The display for “frame” zero isn’t a frame at all, although it has the same information minus a function name; it just indicates that your script has stopped at the code for line 14 of ./parm.sh.

4.5.3 Selecting a frame (‘up’, ‘down’, ‘frame’)

Commands for listing source code in your script work on whichever stack frame is selected at the moment. Here are the commands for selecting a stack frame; all of them finish by printing a brief description of the stack frame just selected.

up [n]

Move n frames up the stack. For positive numbers n, this advances toward the outermost frame, to higher frame numbers, to frames that have existed longer.

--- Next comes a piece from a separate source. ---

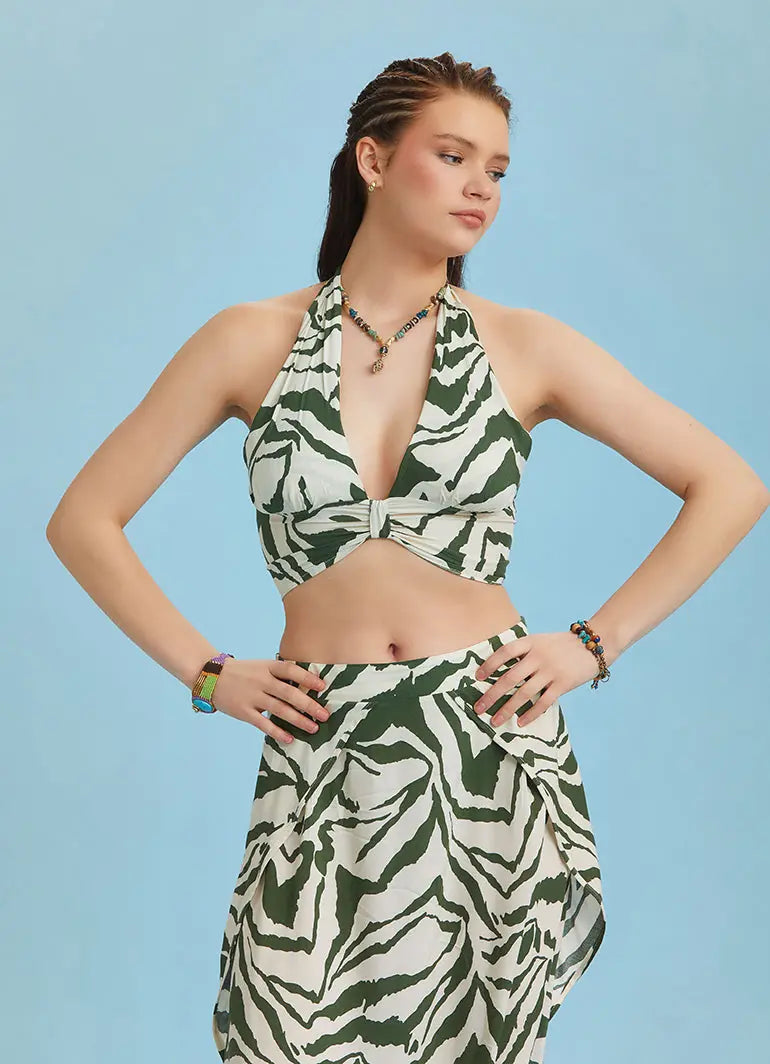 Boyundan Bağlamalı Desenli Crop Bluz 6340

Using a negative n is the same as issuing a down command of the absolute value of the n. Using zero for n does no frame adjustment, but since the current position is redisplayed, it may trigger a resynchronization if there is a front end also watching over things.

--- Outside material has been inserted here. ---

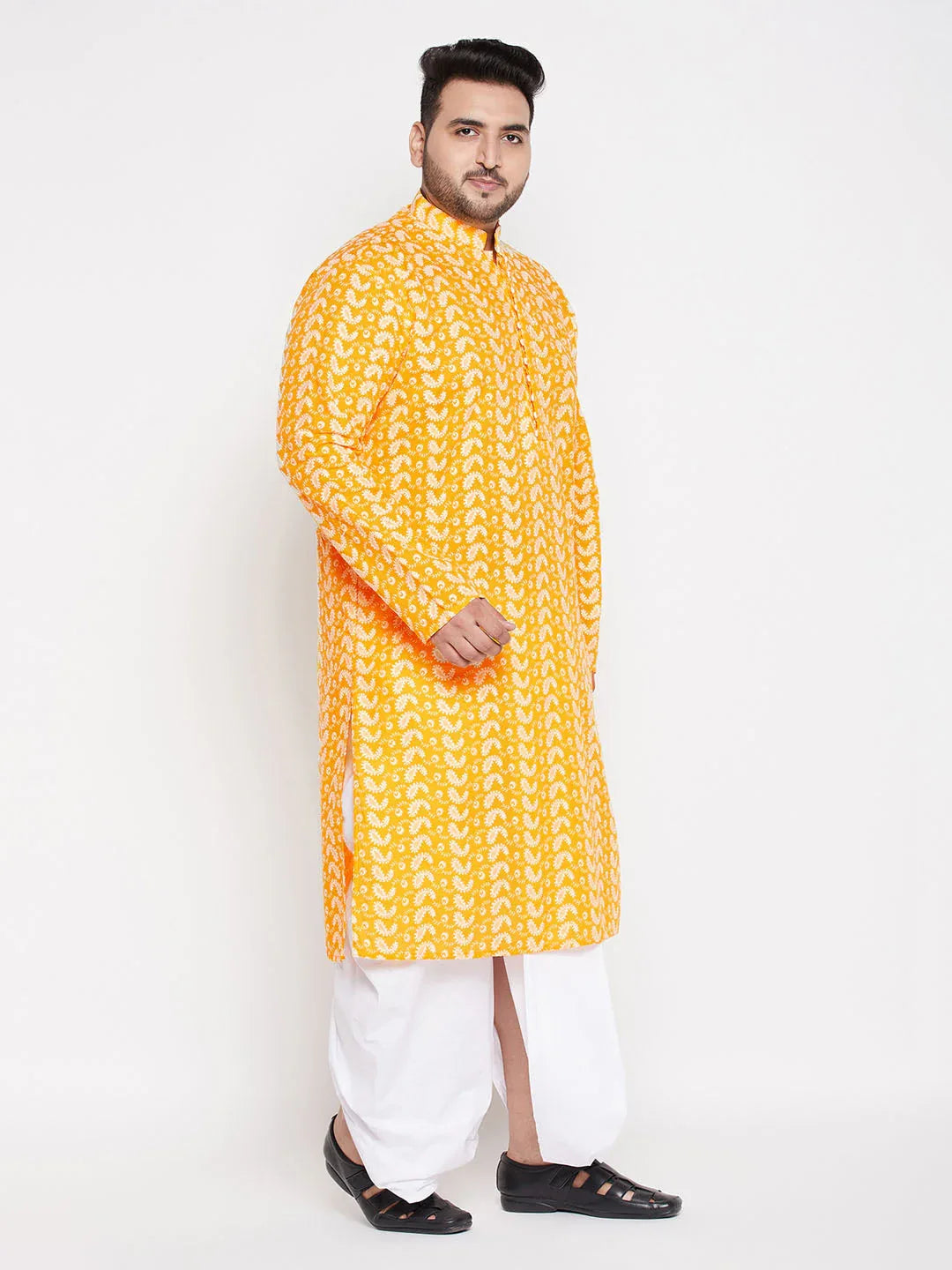 Men's Plus Size Orange Chikankari Embroidered Kurta And White Dhoti Set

n defaults to one. You may abbreviate up as u.

down [n]

Move n frames down the stack. For positive numbers n, this advances toward the innermost frame, to lower frame numbers, to frames that were created more recently. Using a negative n is the same as issuing a up command of the absolute value of the n. Using zero for n does no frame adjustment, but since the current position is redisplayed, it may trigger a resynchronization if there is a front end also watching over things.

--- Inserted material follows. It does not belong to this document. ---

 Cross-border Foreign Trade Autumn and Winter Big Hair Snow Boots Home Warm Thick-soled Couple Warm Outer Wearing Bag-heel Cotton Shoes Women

n defaults to one. You may abbreviate down as do.

All of these commands end by printing two lines of output describing the frame. The first line shows the frame number, the function name, the arguments, and the source file and line number of execution in that frame. The second line shows the text of that source line.

For example:

bashdb<8> up
19:	sourced_fn
bashdb<8> T
##0 in file `./bashtest-sourced' at line 8
->1 sourced_fn() called from file `bashtest-sourced' at line 19
##2 source() called from file `bashdb-test1' at line 23
##3 fn2() called from file `bashdb-test1' at line 33
##4 fn1() called from file `bashdb-test1' at line 42
##5 main() called from file `bashdb-test1' at line 0

After such a printout, the list command with no arguments prints ten lines centered on the point of execution in the frame. See section Printing source lines.

frame args

The frame command allows you to move from one stack frame to another, and to print the stack frame you select. args is the the stack frame number; frame 0 then will always show the current and most recent stack frame.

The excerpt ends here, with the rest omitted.